Dionísio passa em seguida a expor as doutrinas de Santo Hieroteu, seu mestre, acerca da divindade de Cristo, que é a causa de todas as coisas, que preenche e preserva todas as coisas, sem ser parte ou todo. Mas é parte e todo no sentido de que compreende em Si mesmo todas as coisas, possuindo-as de modo eminente. Ele é a perfeição das coisas imperfeitas, e nas coisas perfeitas Ele é não-perfeito no sentido de que precede a perfeição  em excelência e em origem.

Hieroteu resume a doutrina dos nomes divinos nessa curta passagem. Retomando uma definição que formulamos anteriormente, a teologia negativa, ou teologia apofática, se caracteriza pela necessidade de negar a imperfeição para afirmar a perfeição e negar a perfeição para não afirmar a imperfeição. Como Hieroteu ensina, quando comparamos as coisas imperfeitas de nossa realidade com Deus, vemos que Ele é a perfeição. Todavia, ao mesmo tempo, percebemos que a noção de perfeição que possuímos é muito limitada quando comparada à perfeição divina. 

Deus excede infinitamente, e é a origem de, qualquer perfeição que possamos imaginar ou conceber. Nesse sentido, Deus não é dignamente representado por essa noção limitada de perfeição que possuímos. Para evitar que se pense a perfeição divina em termos limitados, é necessário afirmar que Deus é não-perfeito, isto é, excede infinitamente a perfeição, é supraperfeito. A linguagem negativa preserva a infinita e incomensurável perfeição divina negando que ela possa ser expressa mesmo pelo conceito mais alto e mais sublime de perfeição que possamos conceber.

Deus dá origem a tudo sem se tornar múltiplo. É ser em um sentido supraessencial. Marsilio Ficino explica que Deus "ultrapassa as coisas supraessencialmente, pois Ele não está colocado no mais alto grau desses seres com o restante situado no segundo e no terceiro graus". O ponto é que Deus não pode ser entendido como o grau máximo de uma linha gradativa ascensional da qual fazem parte todos os seres. A diferença entre Deus e as coisas não é de grau, como pode ser a diferença entre algo mais claro com relação a algo mais escuro.

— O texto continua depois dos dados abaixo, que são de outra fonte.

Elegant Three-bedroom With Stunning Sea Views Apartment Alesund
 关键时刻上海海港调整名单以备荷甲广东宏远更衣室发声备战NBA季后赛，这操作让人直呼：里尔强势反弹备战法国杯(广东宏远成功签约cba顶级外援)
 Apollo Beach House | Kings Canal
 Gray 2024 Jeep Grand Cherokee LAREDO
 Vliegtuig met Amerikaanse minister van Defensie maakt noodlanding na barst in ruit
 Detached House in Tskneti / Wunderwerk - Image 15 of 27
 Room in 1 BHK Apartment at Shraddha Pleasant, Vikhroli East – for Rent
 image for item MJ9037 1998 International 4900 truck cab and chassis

As coisas deste mundo são por definição limitadas, o que faz com que esse seja o mundo do mais e do menos. Todos os entes estão em alguma relação de maior ou menor quantidade e/ou de melhor ou pior qualidade com outros entes. A variação é própria da limitação que caracteriza os seres desta realidade. Deus não está nessa relação de mais e de menos, mas sim como fundamento que torna possível o mais e o menos. 

Utilizando uma analogia, a cor vermelha pode ser mais ou menos intensa. Neste objeto A o vermelho é mais intenso e naquele objeto B é menos intenso. Todavia, ambos são vermelhos. O que torna possível que A seja mais intenso e B menos é o caráter da qualidade vermelho presente nos dois. Mas o vermelho, enquanto qualidade, não é nem mais intenso e nem menos intenso. Ele é o padrão que, estando em A e em B inteiramente (o vermelho está inteiro em ambos), permite que haja gradação de intensidade entre A e B. 

O vermelho, enquanto padrão qualitativo, não é diminuído ou acrescido, não sofre mudança alguma pelo fato de que o vermelho em A é mais intenso do que aquele presente em B. Nesse sentido, o vermelho transcende as limitações das suas manifestações em A e em B. O vermelho é a Forma, o Padrão, a Razão, a Medida, o Logos que permanece o mesmo justamente para que nos seres possa haver variação e gradação. É o metro que torna a medição possível, e para que haja medição é necessário que ele permaneça inalterado para que as coisas mensuradas possam variar nas suas medidas.

A transcendência de Deus não é a da medida, da gradação, como se Ele fosse simplesmente o maior de todos em uma escala de entes de mesmo tipo. Note-se que, mais à frente na Idade Média, Anselmo de Ostia, mui platonicamente, definirá Deus como "o ser do qual não se pode pensar nada maior". Isto é, Deus não é simplesmente o ser maior de todos. Deus está absolutamente fora de toda e qualquer gradação, dado que não se pode pensar nada maior que Ele. Em outros termos, nenhuma medida, por mais excelsa, faz jus a Deus.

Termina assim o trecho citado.